*TO DO*
Beneath this line sits some data. Return only its lines from the one holding "Green Tea - мощный" through the one holding "Skal med Roterbart", inclusive, exactly, with the images removed.

(RECORDED INFORMATION)

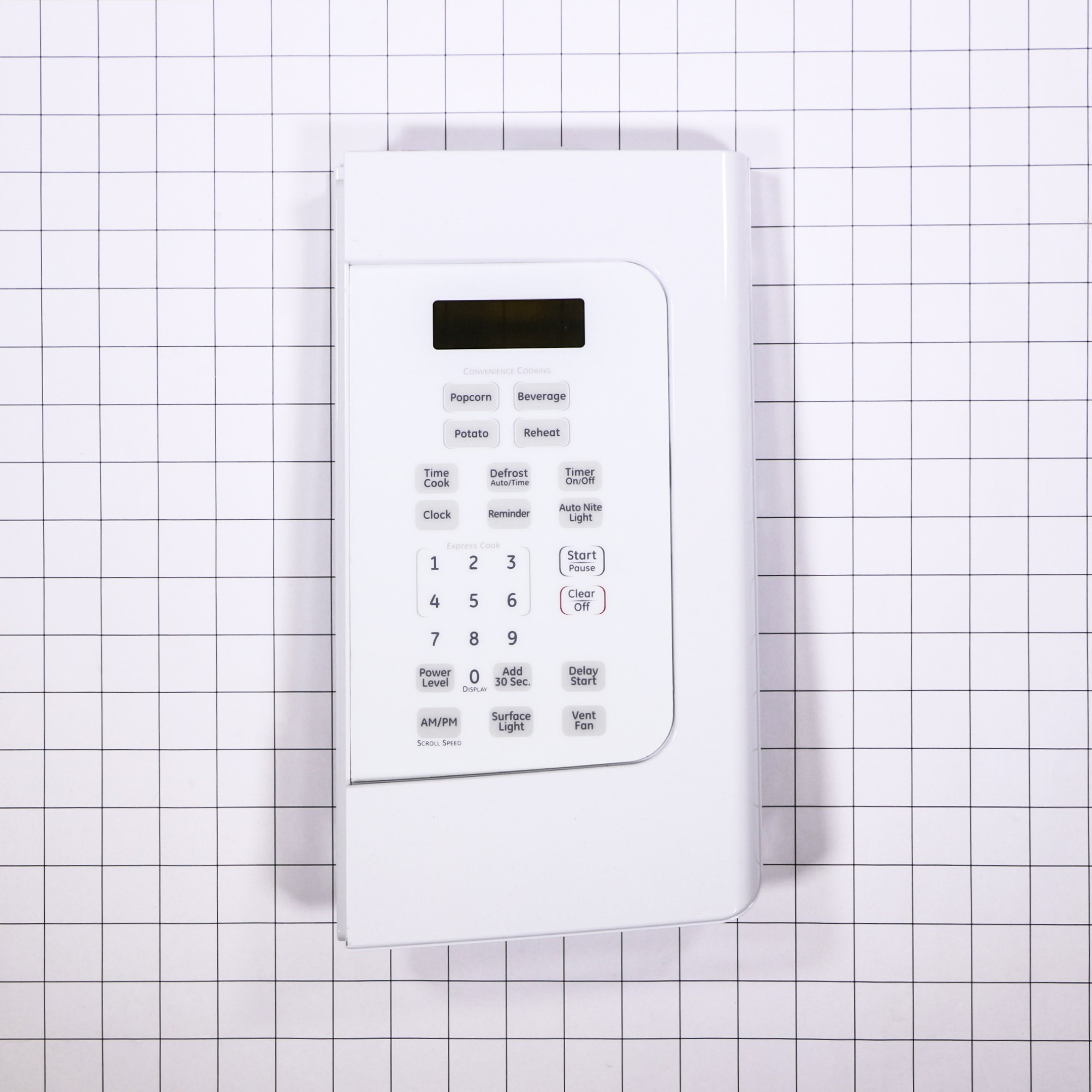 WB07X11043 CONTOL PANEL ASM WH.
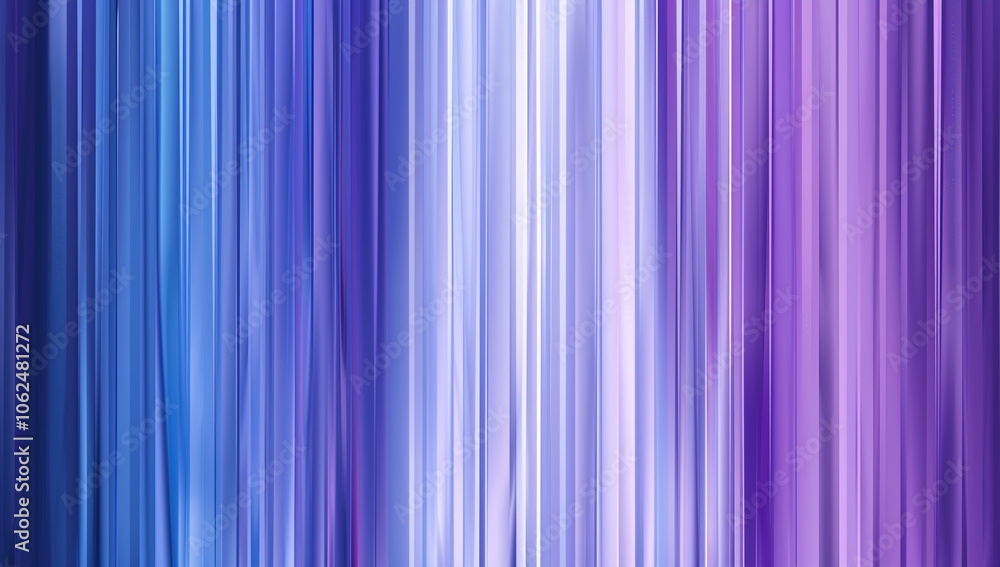 Poster abstract blue background with vertical lines. the pattern is made of stripes in different shades of 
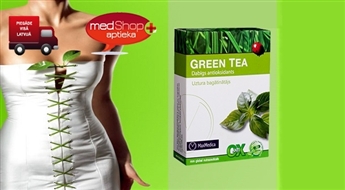 Green Tea - мощный антиоксидант. Тонизирует  и прибавляет энергию!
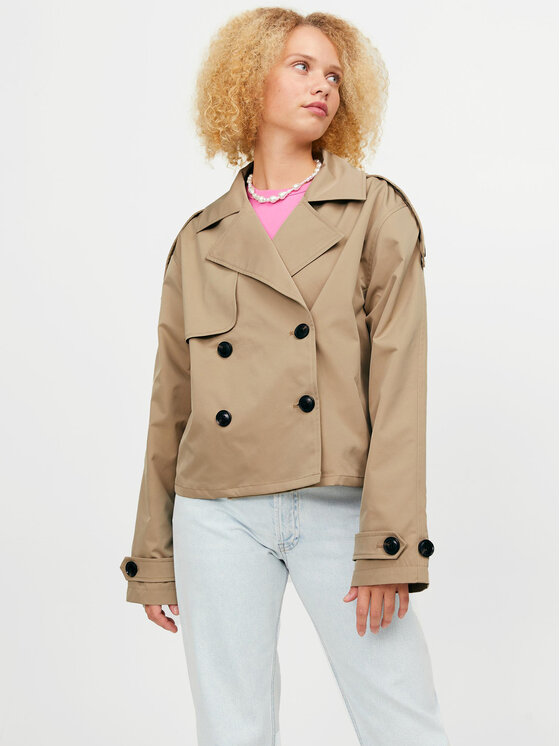 JJXX JJXX Átmeneti kabát Carlie 12248654 Bézs Relaxed Fit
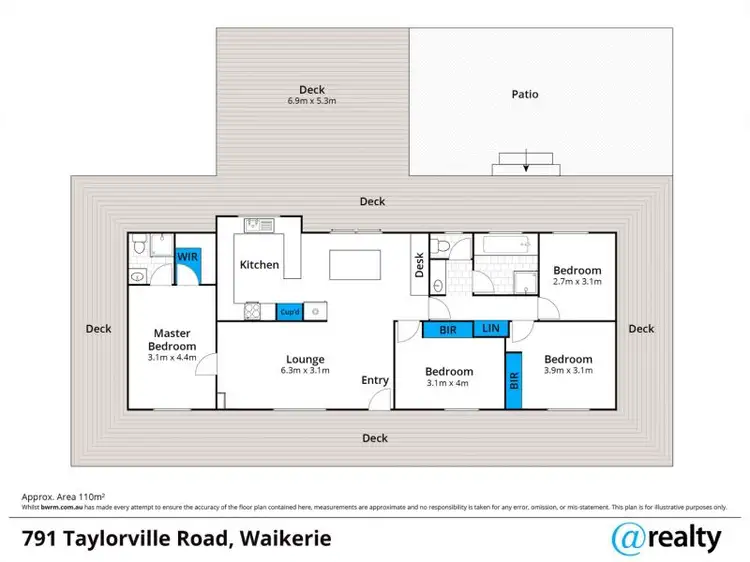 Floorplan of Homely rural property listing, 791 Taylorville Road, Taylorville SA 5330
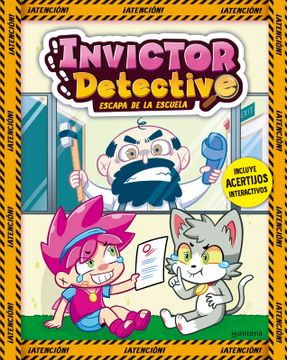 portada Invictor Detective Escapa de la Escuela (Invictor Detective 2)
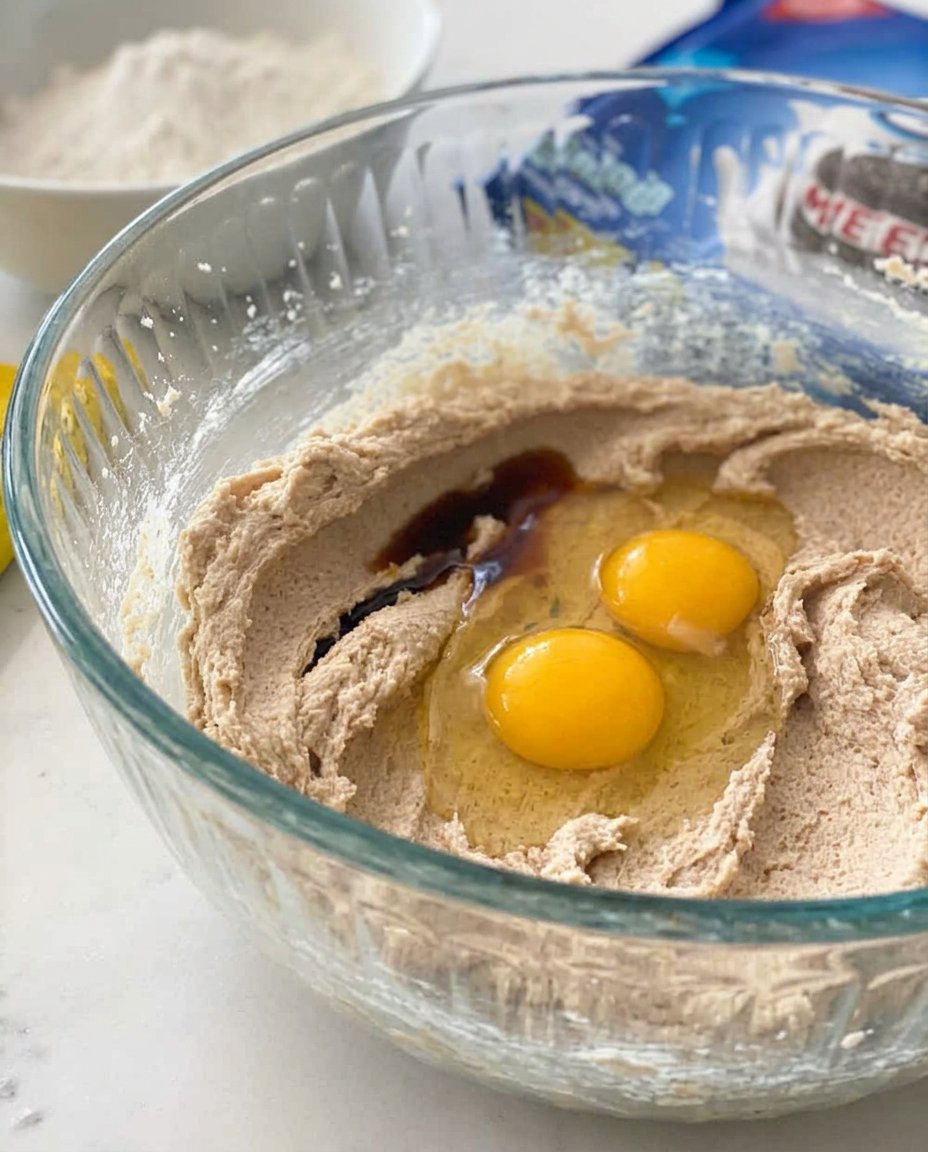 Oreo Stuffed Chocolate Chip 13 Hands wrapping chocolate chip cookie dough around a Double Stuf Oreo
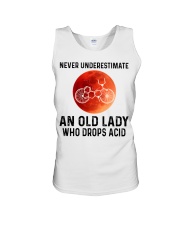 Never underestimate old lady drop acid Unisex Tank tile
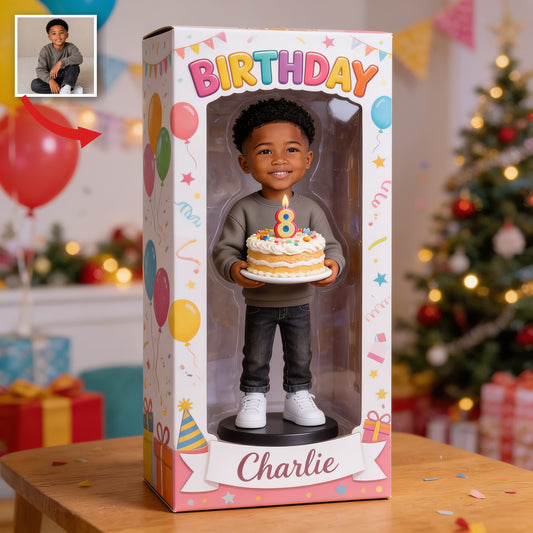 Coffret d'affichage en acrylique personnalisé pour le 8ème anniversaire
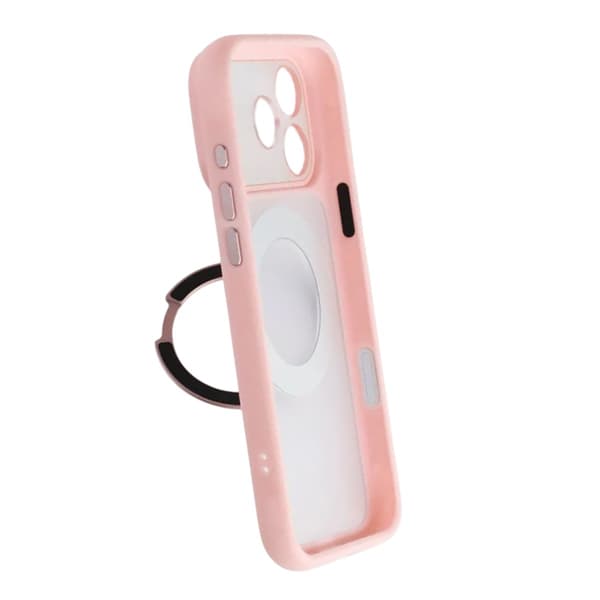 Skal med Roterbart MagSafe-Stativ för iPhone 17 Pro Max - Rosa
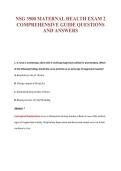 NSG 3500 MATERNAL HEALTH EXAM 2&NewLine;COMPREHENSIVE GUIDE QUESTIONS&NewLine;AND ANSWERS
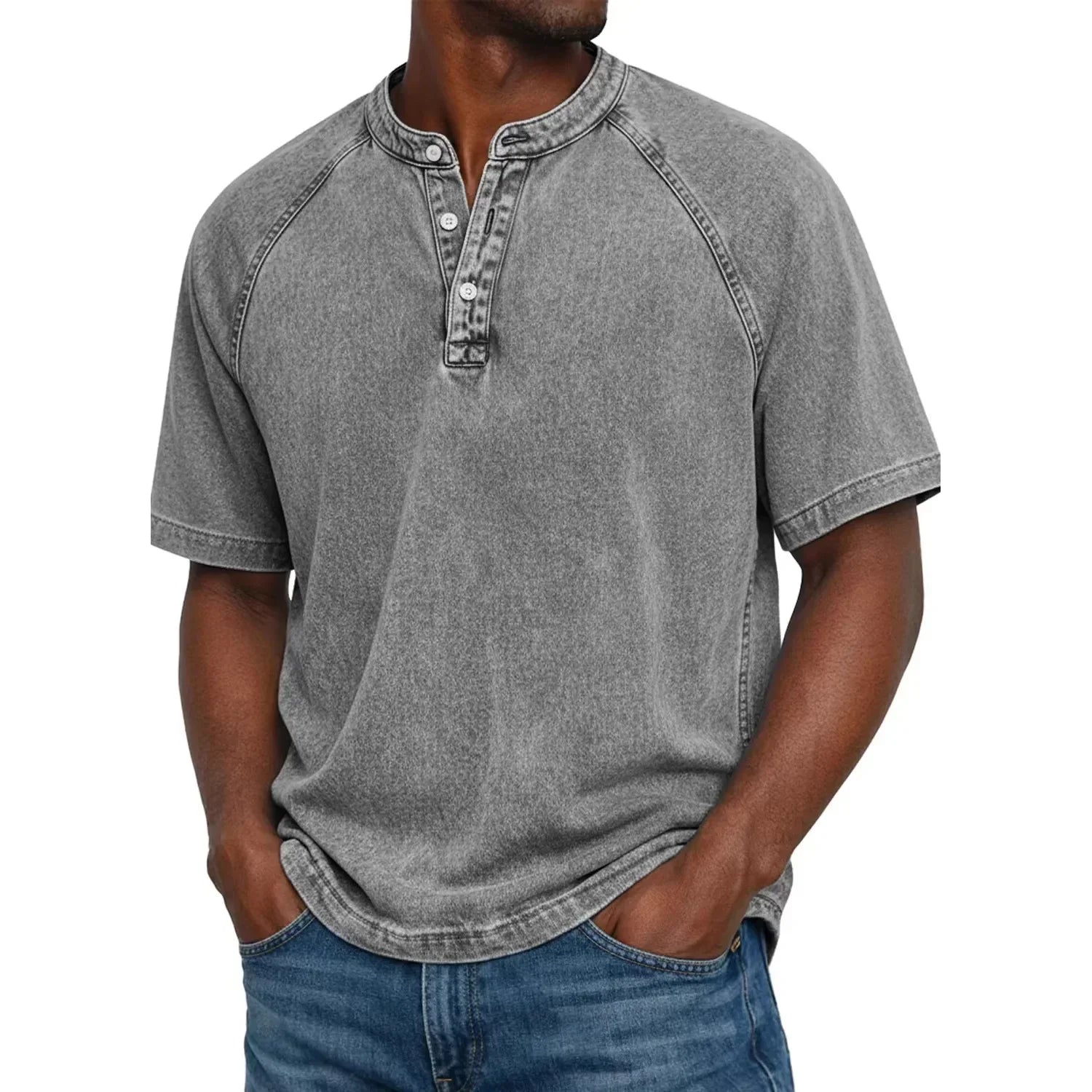 Varel | Camisa vintage de hombre con botones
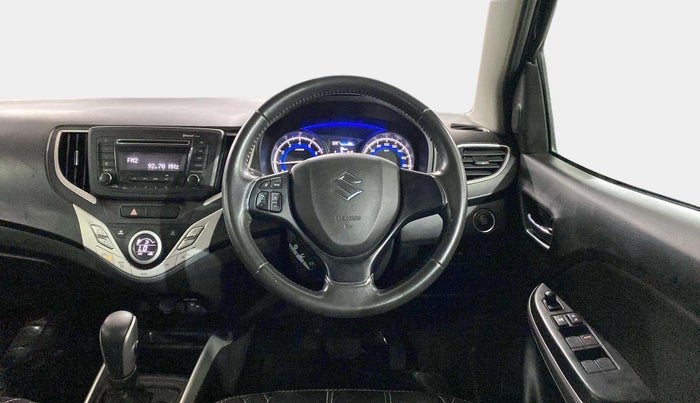 2018 Maruti Baleno ZETA CVT PETROL 1.2, Petrol, Automatic, 80,073 km, Steering Wheel Close Up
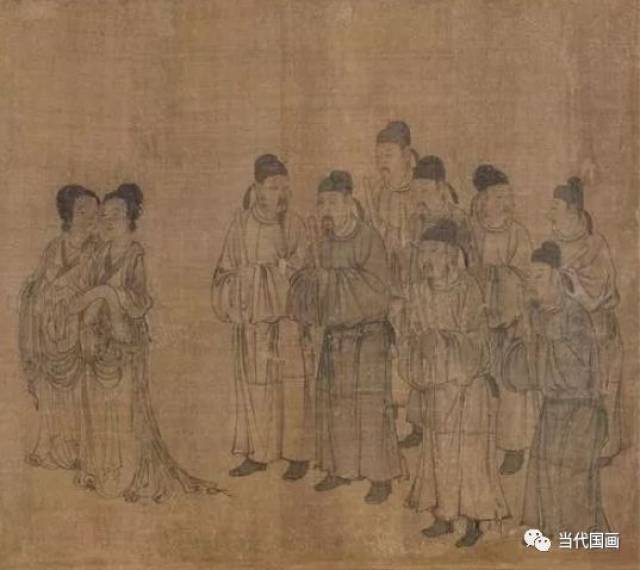 吴道子《明皇观马图》（现藏美国波士顿美术博物馆）_搜狐网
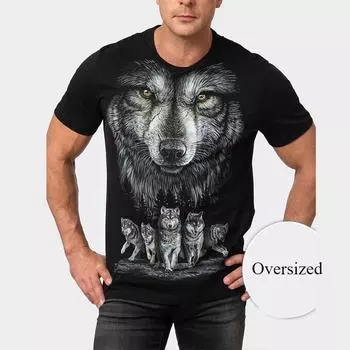 Мужская футболка с принтом тигра и льва 3D, мужская модная индивидуальная футболка с коротким рукавом, летняя, стильная, уличная, свободные топы S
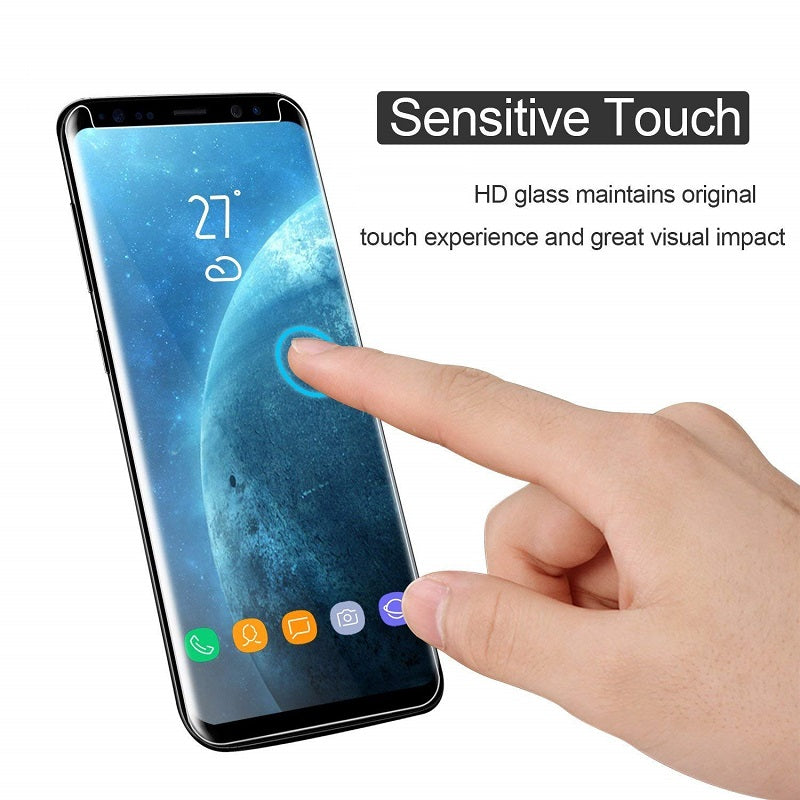 3D Full Adhesive Tempered Glass Protector For Samsung Models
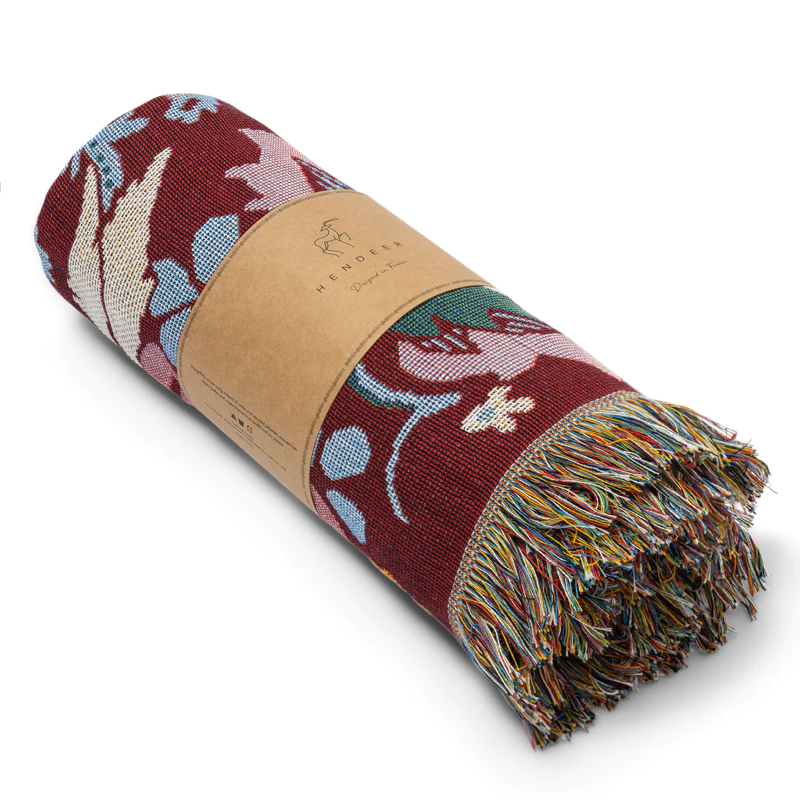 'Magical Mystery' Woven Picnic Rug/Throw Large 170x200cm - HENDEER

(End RECORDED INFORMATION)

*RESPONSE TO THE TASK*
 Green Tea - мощный антиоксидант. Тонизирует  и прибавляет энергию!
 JJXX JJXX Átmeneti kabát Carlie 12248654 Bézs Relaxed Fit
 Floorplan of Homely rural property listing, 791 Taylorville Road, Taylorville SA 5330
 portada Invictor Detective Escapa de la Escuela (Invictor Detective 2)
 Oreo Stuffed Chocolate Chip 13 Hands wrapping chocolate chip cookie dough around a Double Stuf Oreo
 Never underestimate old lady drop acid Unisex Tank tile
 Coffret d'affichage en acrylique personnalisé pour le 8ème anniversaire
 Skal med Roterbart MagSafe-Stativ för iPhone 17 Pro Max - Rosa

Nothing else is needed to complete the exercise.